It used to cost Chris Polis about $60 to fill up his gas tank. On Saturday, he shelled out more than $105.
"It's going to be hard to swallow," said Polis, while pumping gas at the Costco station in Nepean.
Polis lives in Almonte, Ont., and makes the 40-minute drive into Ottawa almost every day. Driving is the only way he can get to the city, he said.
"That's why I bought a hybrid — to cut the cost of gas," he said, letting out a sigh.
Gas prices hovered around the $1.92 to $1.95 mark in Ottawa Saturday, but according to Gas Wizard, a site that tracks prices across Canada, they're expected to jump by four cents a litre and sit just shy of two dollars a litre Sunday.
Those high prices have some motorists like Prahasith Kondra refusing to fill their gas tanks all the way.
Kondra told CBC News he only put in $13 worth of fuel Saturday.
"I can't afford these prices," he said, adding he'll only be using his vehicle once in a while — like when he has to drive longer distances.
"If it's empty, I'm taking public transit," he added.
No end in sight
Drivers are likely to experience even more pain at the pumps in the coming weeks, said Dan McTeague, president of Canadians for Affordable Energy.

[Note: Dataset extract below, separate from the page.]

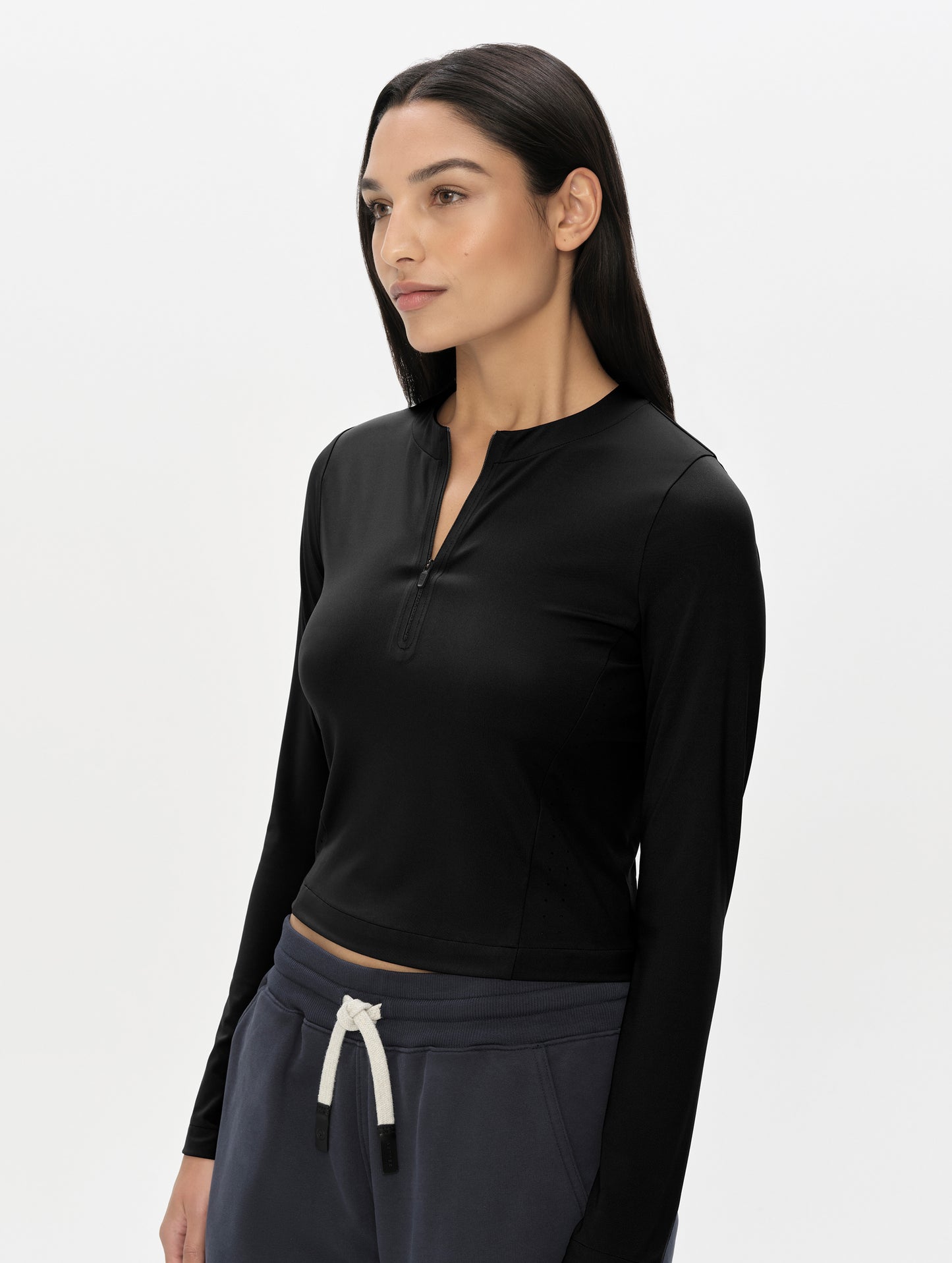 Front, 3/4, upper-body view of woman wearing the Kora Sunproof Shirt in Onyx Black from AETHER Apparel.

"It's going to hurt. It's going to be painful and it's likely not to end," McTeague said.
"[Prices are] going to probably increase as much as another 10 cents a litre between now and the May 24 weekend."

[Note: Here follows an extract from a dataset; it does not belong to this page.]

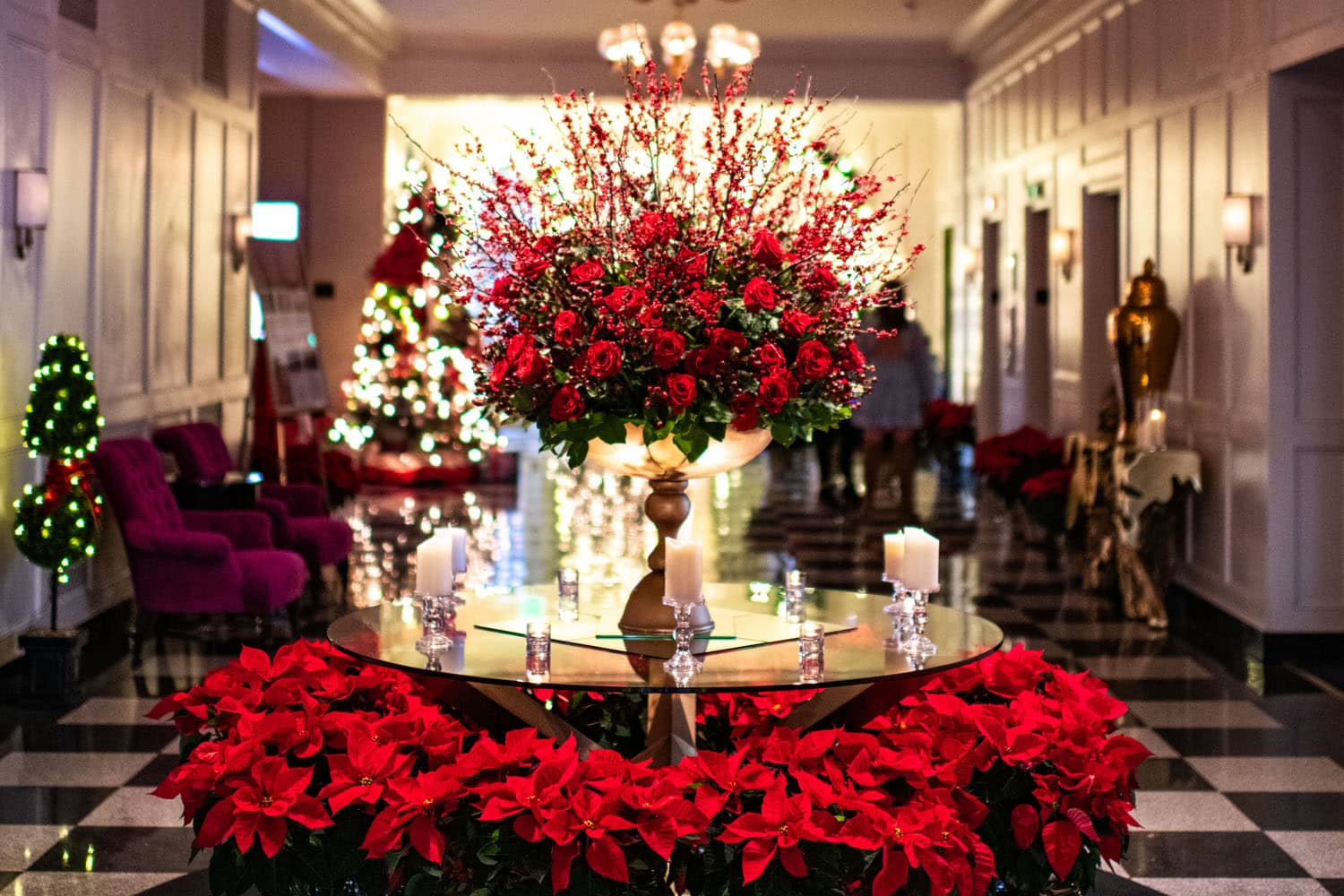 A decorated table with holiday flowers inside a hotel lobby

Gas prices have risen rapidly over the last year, with the Russian invasion of Ukraine exacerbating the trend. Last May, the average gas price in Canada was $1.32.
"On May 9th, if [Russian president Vladimir] Putin uses a national day of celebration there to say he's had enough, no more war… I think that'll take some pressure off," McTeague said.
But the main issue comes down to supply and demand, said McTeague, adding he sees no end in sight to high gas prices.
"We're going to be spending a lot more money," he said. "It's a direct hit on Canadians, especially those on middle and lower incomes."